## PROMPT
For this exercise, repeat exactly the lines below starting at the line holding "2016 Denny Hamlin #11 FedEx Office Diecast" and ending at the line holding "NEO-Tools-81-280-M-Melegito-nadrag-COMFORT-szurke", both included, with no extra lines and no pictures.

## DATA TO USE
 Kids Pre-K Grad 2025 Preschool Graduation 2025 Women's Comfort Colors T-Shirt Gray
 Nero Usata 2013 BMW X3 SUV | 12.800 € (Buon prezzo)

==

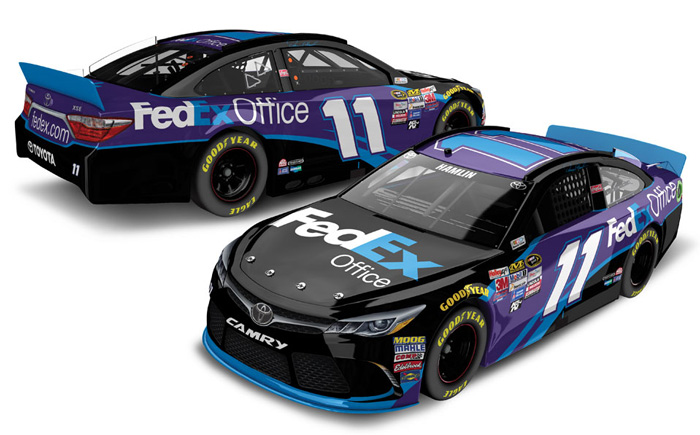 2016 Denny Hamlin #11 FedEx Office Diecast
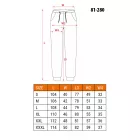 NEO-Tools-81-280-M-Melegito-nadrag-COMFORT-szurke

## ANSWER TO THE PROBLEM
 2016 Denny Hamlin #11 FedEx Office Diecast
 NEO-Tools-81-280-M-Melegito-nadrag-COMFORT-szurke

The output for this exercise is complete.